Итак, подытожим. Нет мутаций нейтральных, как нет вредных и нет полезных. Все разговоры о них безотносительно к условиям внешней среды – пустое сотрясение воздуха.

Не будем забывать и о том, что дрейф генов объясняет обособление одного вида от другого, но не возникновение целесообразности, приспособления к внешним условиям. А это непростительно для эволюционной теории. В то же время генетико-автоматические процессы нельзя отвергать с порога. Они существуют, это несомненный факт, и так же несомненно играют какую-то роль в возникновении различий между популяциями. Особенно перспективны для эволюции те признаки, в формировании которых участвовали как отбор, так и дрейф.

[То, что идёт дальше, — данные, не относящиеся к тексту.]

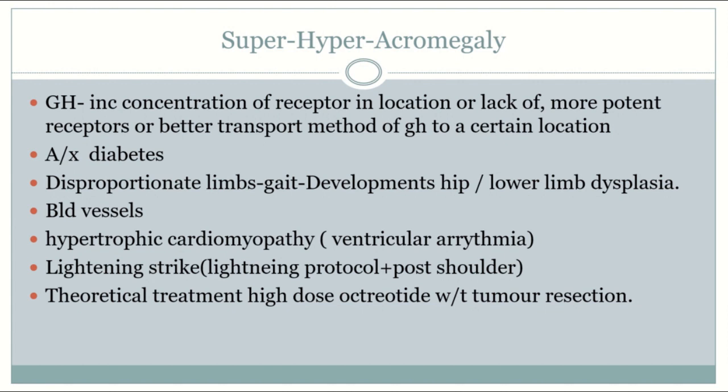Titans probably have increased angiogenesis due to rapid growth. This mechanism helps the Titan adapt to excessive amounts of cuts via collateral blood vessels.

Дело в том, что условия наибольшей эффективности отбора и дрейфа диаметрально противоположны. Отбор эффективен при большой численности популяции. Дарвин приводит ответ одного собаковода на вопрос, почему ему удается иметь прекрасных собак: «Я развожу многих и многих вешаю». Распространение мутантного аллеля какого-либо гена в большой популяции затруднено. Дрейф, напротив, эффективен в малых популяциях и может быстро повысить численность мутантного гена. Если численность популяции затем возрастет, отбор оценит результаты работы дрейфа, отбраковав все комбинации генов, менее приспособленные к условиям внешней среды. Случайный, ненаправленный дрейф и направленный отбор идут рука об руку, и популяция все более отклоняется от первоначальной.

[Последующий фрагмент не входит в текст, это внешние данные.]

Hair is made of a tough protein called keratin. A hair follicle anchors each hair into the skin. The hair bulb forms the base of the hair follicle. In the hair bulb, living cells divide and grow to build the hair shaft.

Поэтому, если мнение о первостепенной роли дрейфа в эволюции и оказалось сильно преувеличенным, то исследования, в которых учитывалось действие как селективных процессов (отбора), так и генетико-автоматических, вошли в золотой фонд эволюционной теории. О некоторых из них мы поговорим в следующих разделах.

Второй закон Вавилова

В 1924 году творец закона гомологической изменчивости Н. И. Вавилов во главе крохотной экспедиции, состоявшей, кроме него, всего из двух человек – Д. Д. Букинича и В. Н. Лебедева, изучал культурные растения Афганистана. Сотни и тысячи образцов пополняли коллекции; одно открытие следовало за другим.

Вот пшеничные поля, засоренные рожью. Рожь здесь сорняк, встречаются и формы совершенно дикие, с осыпающимися колосьями. Рожь-дикарь распространяется самосевом. Но уже в Афганистане возникли формы, сохраняющие зерно в колосе до обмолота. Эти-то зерна вместе с мягкой пшеницей и распространялись людьми все далее и далее к северу. Где-то в районе Украины и Северного Кавказа земледельцы были уже вынуждены сеять смесь из зерен озимой пшеницы и ржи – суржу. В холодные зимы пшеница вымерзала и только рожь – бывший сорняк – спасала от голода. А еще дальше, на полях средней полосы России, рожь стала основным зерновым; здесь и возникла пословица: «Ржаной хлебушко – калачу дедушка».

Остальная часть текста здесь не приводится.